Nice touch: when I chose to exclude my System folder from the backup, Time Machine asked me if I wanted to exclude ALL system files, not just the folder. Very intelligent and helpful.

October 26 2007 at 5:31 PM Report abuse rate up rate down Reply
Kevin

I'm sure everyone will *want* to use this feature, but I don't think that everyone will *actually* use it. The way I understand it is that it requires a drive (or partition) that can be formatted as HSF+. I think this is why it won't work on the Airport Extremes - I don't think you can get at all the features of HSF+ over a network share.

The way Time Machine works under the hood is pretty slick, but that's probably a post for anohter day.

Either way I don't think I'm going to keep plugging in a usb drive to my MBP every hour or even every day - that's just not convenient. They really need to update the AEBS to work with Time Machine for it to be really convenient on a laptop.

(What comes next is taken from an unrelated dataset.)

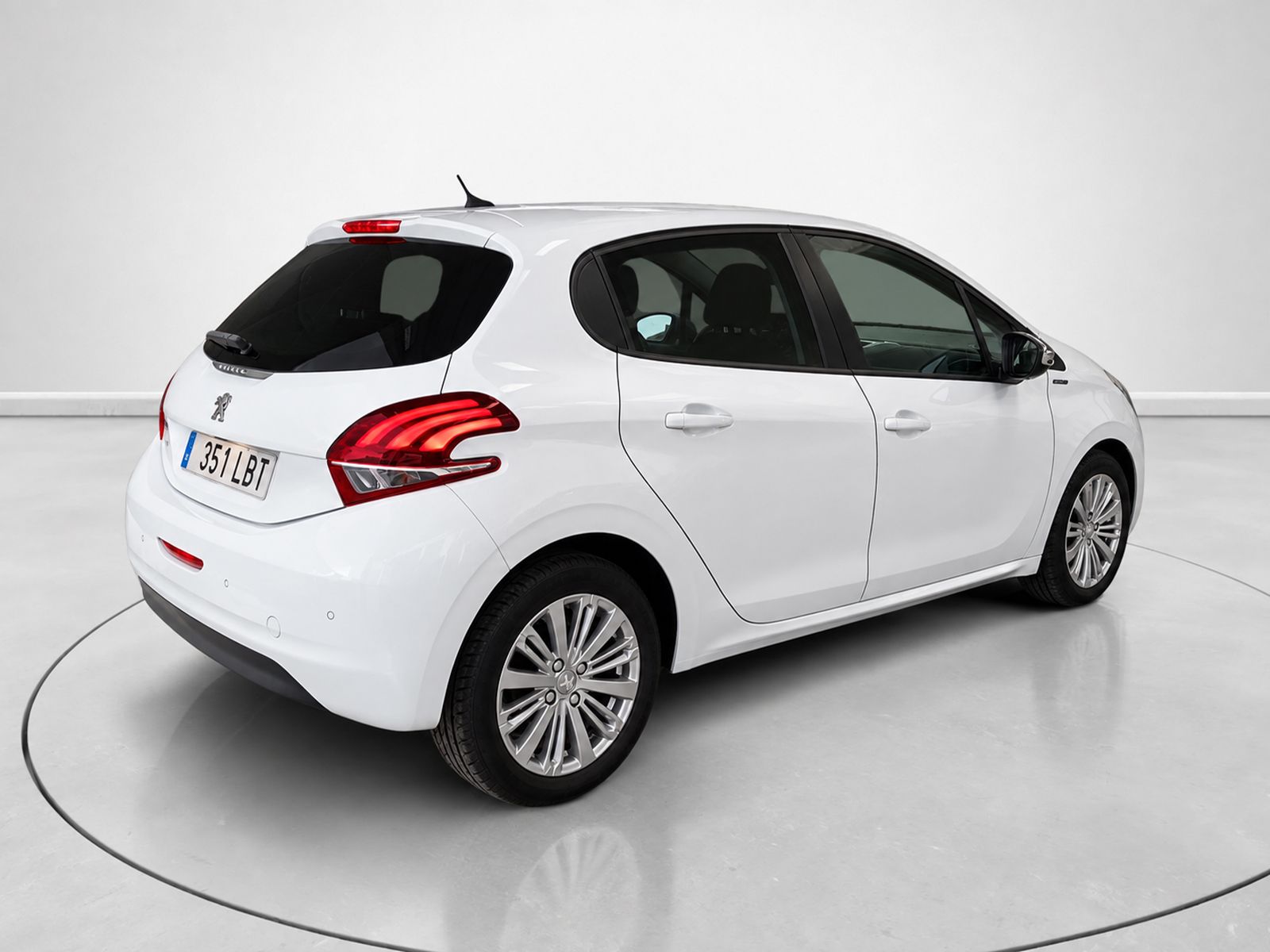 Peugeot 208 PureTech Signature - foto 3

That is... of course... IMHO. :)

October 26 2007 at 9:14 AM Report abuse rate up rate down Reply
James R Grinter

Time Machine seems ideal for the time gap between creating or working on data, and getting it backed up permanently.

But.. how well does it integrate with actual applications, as many are database based for access speed reasons (iPhoto, even iTunes, etc.) and require consistency of files and metadata files?

October 26 2007 at 6:57 AM Report abuse rate up rate down Reply
Lars

My local electronics store has external 500 GB LaCie drives on offer for 99 euros (). However, I have a 250 gig internal drive and two other external drives that I'd like to have covered by Time Machine.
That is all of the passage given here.